Não há como usar ironias, uma frase bruta precisa de posições brutas. “Uma coisa ótima de estar em Guadalajara é que não vejo jornais portugueses”, diz Graça Fonseca, com um sorriso nos lábios de quem não sabe que cargo desempenha ou, talvez seja melhor dizer, do cargo que ocupa. Habituada a política de gabinete, Graça Fonseca deve estar a adorar passear pelo México como atriz convidada, rodeada de uma corte de literatos, afinal é uma experiência. A experiência de uma ministra à experiência.

À experiência, sim, porque Graça Fonseca nunca tinha tocado estas bandas, o que não é eliminatório. O seu perfil assegurava robustez política, mas em meia de dúzia de semanas já magnetizou duas polémicas. O seu perfil sugeria a humildade de quem iria ouvir, mas compraz-se por nem sequer ler. O seu perfil criava o benefício da dúvida, que tem aniquilado com o malefício da falta de dúvidas.

Eliminatório é o desdém fútil. Eliminatório é cultivar a não leitura de jornais, porque o regozijo com essa sua “coisa ótima” é uma sugestão a leitores para que deixem de o ser. Se governar fosse só gerir um orçamento, Graça Fonseca seria uma casa decimal, mas é a ação e o discurso político que podem fazer de um ministro um número inteiro. Com piadas como esta, a ministra parece concorrer furiosamente para ser um zero, um zero à esquerda.

Os jornais são contrapoder ou não são jornais. Fazem perguntas, têm memória, duvidam, cobram promessas, cruzam factos e têm a mania de publicar coisas diferentes das que o poder gostaria. No país ideal de Graça Fonseca não havia notícias, havia comunicados. Hoje, por exemplo, talvez lhe fosse aprazível que todos os jornais tivessem como manchete “Governo cumpre três anos de sucessos”, sobre uma fotografia de António Costa em Bruxelas com a legenda “Estadistas europeus vergam Reino Unido às misérias da saída da UE” e uma chamada para “Graça Fonseca leva cultura portuguesa aos píncaros no México”. Notícias sobre o mau serviço da CP, zero. Do favor que a Santa Casa esteve para fazer há um ano injetando 170 milhões no Montepio, nem uma breve. De Marcelo, nada nunca. Da estrada de Borba, da greve dos estivadores ou das negociações com os professores, coisa nenhuma.
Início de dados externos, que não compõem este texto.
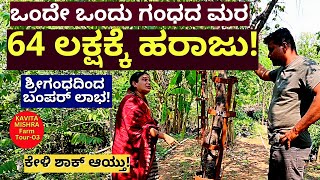 FARM TOURquot64 ಲಕ್ಷಕ್ಕೆ ಮಾರಾಟವಾಯ್ತು ಒಂದೇ ಒಂದು ಗಂಧದ ಮರquotE03Kavita Mishra FarmKalamadhyamaparam [upl. by Phare]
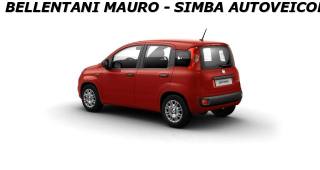 FIAT Panda usata, con Airbag Passeggero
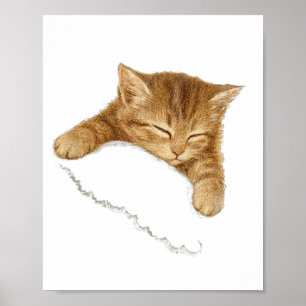 Póster Gráfica de gato dormido, camiseta vintage de amant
É mesmo preciso dizer a Graça Fonseca que só os políticos autocráticos ou ignorantes dissuadem interessadamente a leitura de jornais? É mesmo preciso dizer à ministra da Cultura o que é cultura?

É por isso que há políticos que gostariam de escolher jornalistas, de condicionar perguntas e que repetem frases sobre decadências e dependências dos jornais, fogo tão fácil de atear nas redes sociais. A quem mais convirá que os jornais enfraqueçam do que ao poder? Quem beneficiará mais de criar má reputação? Querem mesmo um país sem jornalistas exigentes e sem leitores inteligentes? É mesmo preciso explicar Trump? É mesmo preciso dizer a Graça Fonseca que só os políticos autocráticos ou ignorantes dissuadem interessadamente a leitura de jornais? É mesmo preciso dizer à ministra da Cultura o que é cultura?
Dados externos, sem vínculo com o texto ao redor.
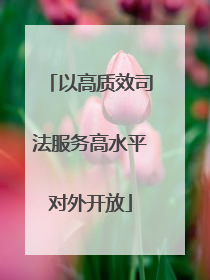 以高质效司法服务高水平对外开放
Talvez Graça Fonseca tenha acordado feliz naquela manhã em Guadalajara, nimbada de orgulho por representar Portugal como país convidado de honra na Feira Internacional do Livro. Talvez tenha aberto jornais mexicanos e lido artigos semelhantes sobre Portugal: que não, não é apenas o país de Ronaldo, de Saramago e de Pessoa, que há “escritores como António Lobo Antunes, Nuno Júdice, José Luís Peixoto y Gonzalo M. Tavares”. Talvez tenha pensado no poema de Pessoa e sentido o prazer de não cumprir um dever, ter um jornal para ler e não o fazer. Talvez tenha à tarde cruzado as mãos com a poeta uruguaia Ida Vitale, que aos 95 anos recebeu o grande prémio na Feira, que lê jornais e se diz pasmada com a coluna de emigrantes que chega ao México a caminho dos Estados Unidos, onde na Casa Branca está “o monstro ruivo”, como lhe chama.

Talvez pudesse ter sido só isto, uma resposta enfastiada à pergunta anticlímax de uma jornalista sobre touradas. Mas não é só isto. É uma ministra da Cultura possivelmente deslumbrada com o seu novo cartão de crédito cultural e provavelmente feliz por estar longe de Portugal e dos seus jornais.

No fundo, ser ministra da Cultura é “uma coisa ótima”. Graça Fonseca ainda está fora de Portugal, aliás, pelo que este texto não vai ler. Ou, como diz a ministra, não vai ver. Está certo. Como escreveu um heterónimo do poeta, “eu sou do tamanho do que vejo”.